Nos ha nacido un niño: el Dios de toda majestad, se anonadó a sí mismo, se hizo semejante a nosotros no sólo tomando el cuerpo terrestre de los mortales, sino aún más, haciéndose a la edad de un niño, cargado de debilidad y pequeñez. ¡Bienaventurada infancia, cuya debilidad y simplicidad son más fuertes y más sabias que todos los hombres! Porque, en verdad, la fuerza de Dios y la sabiduría de Dios llevan a cabo aquí su obra divina a través de nuestras realidades humanas. Sí, la debilidad de este niño vence al príncipe de este mundo; rompe nuestras ataduras y nos libera de nuestra cautividad.
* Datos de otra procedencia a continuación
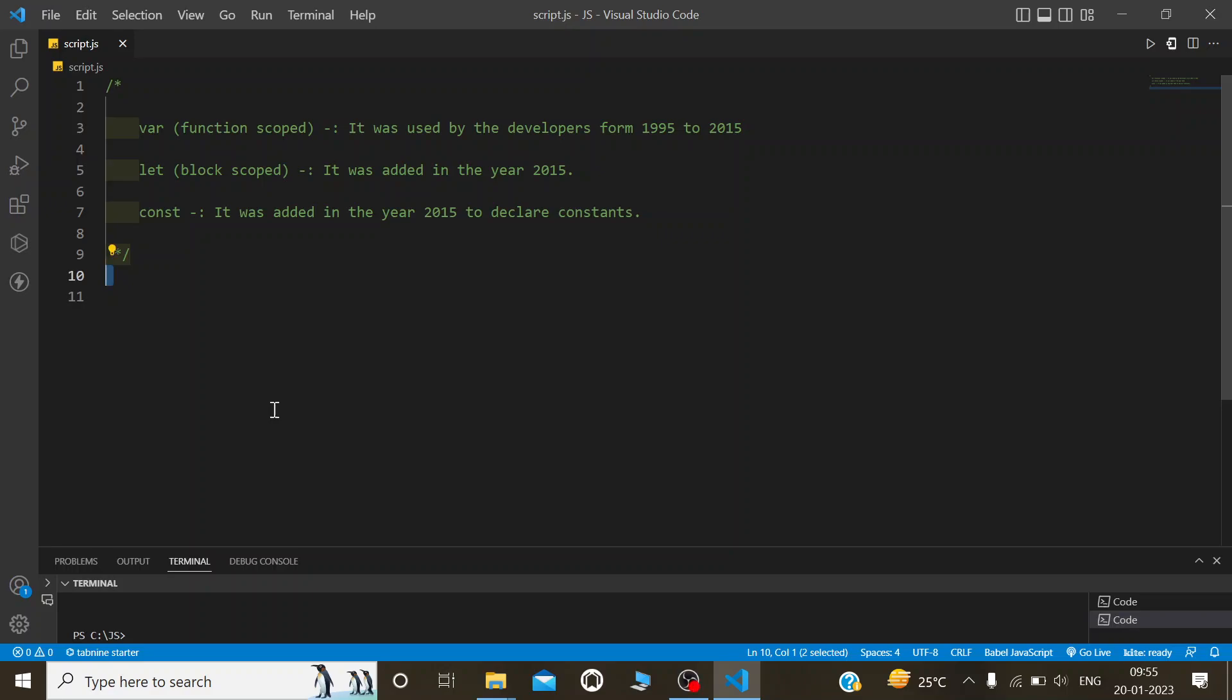Hello guys and welcome to my YouTube channel, The Frontend Gig. In this video, I will tell you the types of variable declaration in JavaScript.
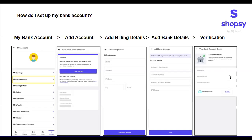Now you can start your process of sharing products with your customers. Once you place the order on their behalf and the commission is transferred to your Shopsi account, you can easily withdraw it by transferring that commission from your Shopsi account to your bank account.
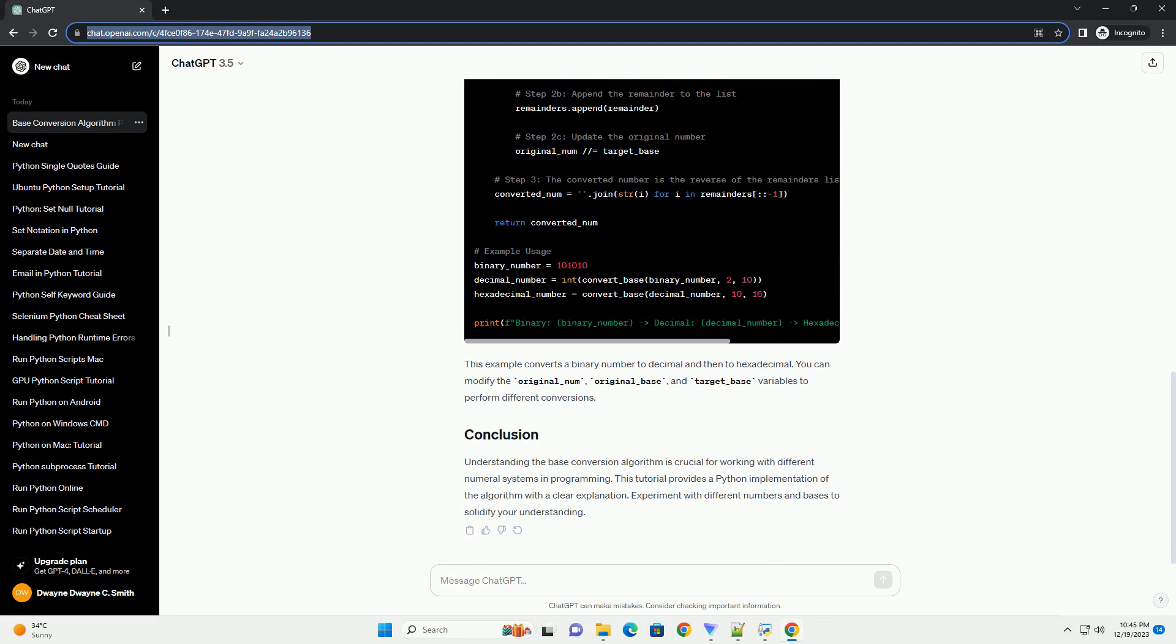Understanding the base conversion algorithm is crucial for working with different numeral systems in programming. This tutorial provides a Python implementation of the algorithm with a clear explanation. Experiment with different numbers and bases to solidify your understanding.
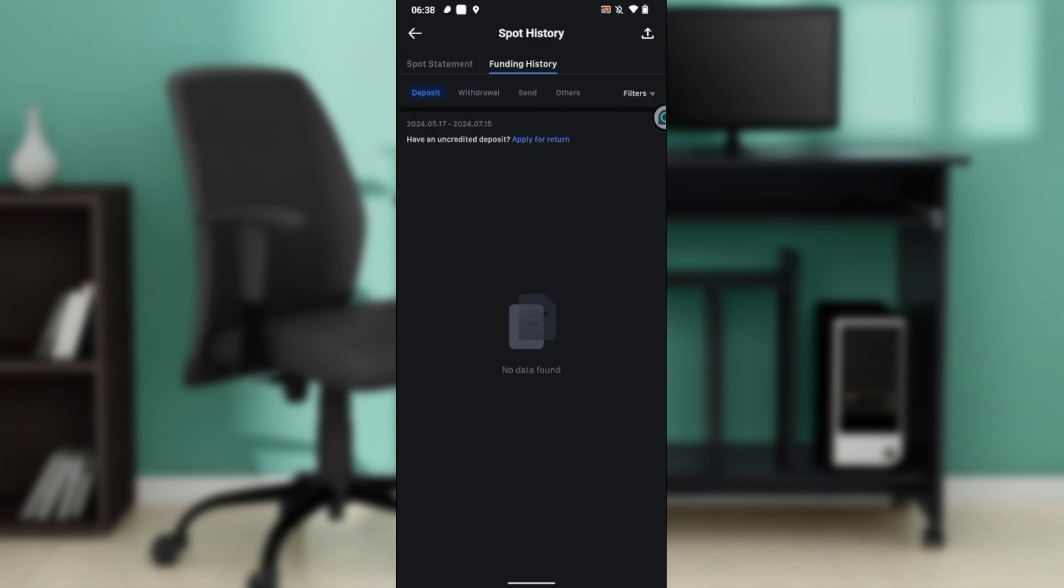Once you click on that, it takes you to this window where you have your funding history. You have your deposit history, you have your withdrawal history, and then you have sending orders. All of your transaction histories are going to be displayed here. Use any of these filters - deposit, withdrawals, and others - to search your funding history.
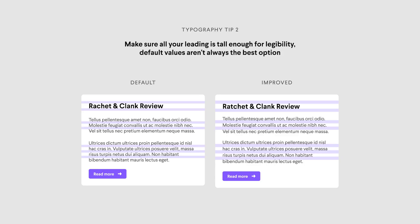My second tip is to make sure that all of your leading is done correctly for legibility. A lot of the time, the default styles really aren't the best — there tends to be either too much spacing or maybe too little for the specific product or design you're working on. Leading is the vertical space between the lines, and if that's incorrect, it actually hurts the readability of your design.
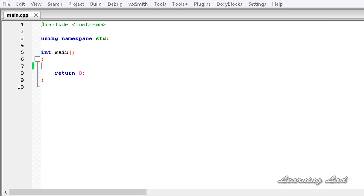Hi, this is Anil and welcome to the video tutorial for the Learning Lad on C++ programming. In the last tutorial we learnt about if and else in C++, and in this tutorial we are going to be learning some more information about if and else.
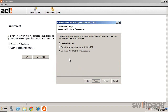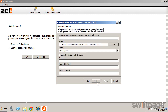The Setup Wizard will prompt you through the rest of the process. If you are new to ACT or would like to start fresh with a new ACT database, select Create New Database and click Next. Give your database a name and then adjust or fill in any of the additional information. Then click Next.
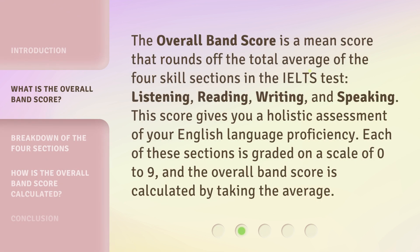The overall band score is a mean score that rounds off the total average of the four skill sections in the IELTS test: Listening, Reading, Writing, and Speaking. This score gives you a holistic assessment of your English language proficiency. Each of these sections is graded on a scale of 0 to 9, and the overall band score is calculated by taking the average.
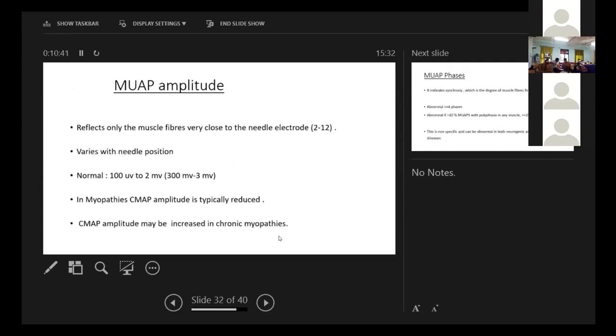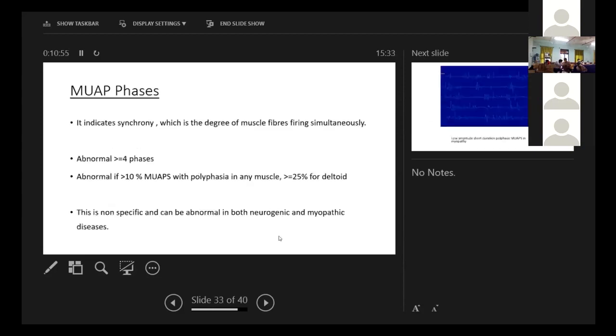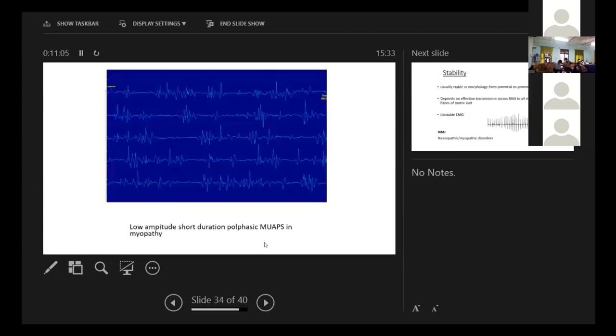Coming to amplitude, which varies with needle position. Normally, it's 100 microvolts to 2 millivolts. In myopathies, the amplitude is typically reduced. Next, coming to the phases, it indicates the synchrony, which means that the degree of muscle fibers which fire simultaneously. If it is abnormal, it is more than four phases. You see, this is a low amplitude, short duration polyphasic MUAPs seen in myopathy.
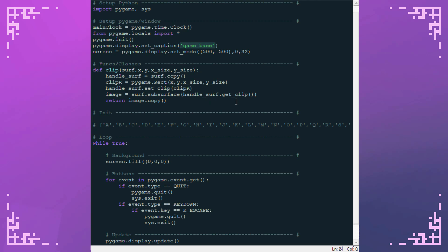So to get started the first thing we're going to do is we're going to load this font sprite sheet and we're going to split up that font sprite sheet into all of the characters. So I'm going to start by writing a font class which will have all of the functions that we need.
La simplicidad de este niño, la cual parece muda y faltada de palabra, vuelve elocuentes las lenguas de los hijos; les hace hablar con el lenguaje de los hombres y de los ángeles... Este niño parece ignorante pero es quien enseña la sabiduría a los hombres y a los ángeles, él que, en realidad, es... la Sabiduría de Dios y su Verbo, su Palabra.
¡Oh santa y dulce infancia, que devuelves a los hombres la verdadera inocencia gracias a la cual a cualquier edad se puede regresar a la bendita infancia y asemejarse a ella, no por la pequeñez de sus miembros, sino por la humildad de corazón y la suavidad de su comportamiento! Indudablemente, vosotros los hijos de Adán, que sois tan grandes a vuestros propios ojos..., si no os convertís y no os hacéis como ese niño, no entraréis en el Reino de los cielos. «Yo soy la puerta del Reino», dice ese niño. Si la altura de los hombres no se inclina, esta humilde puerta no los dejará entrar.
(Referencias bíblicas: : Is 9,5; 1C 1,24; Jn 12,31; Sab 10,21; 1C 13,1; Sl 93,10; Mt 18,3-4; Jn 10).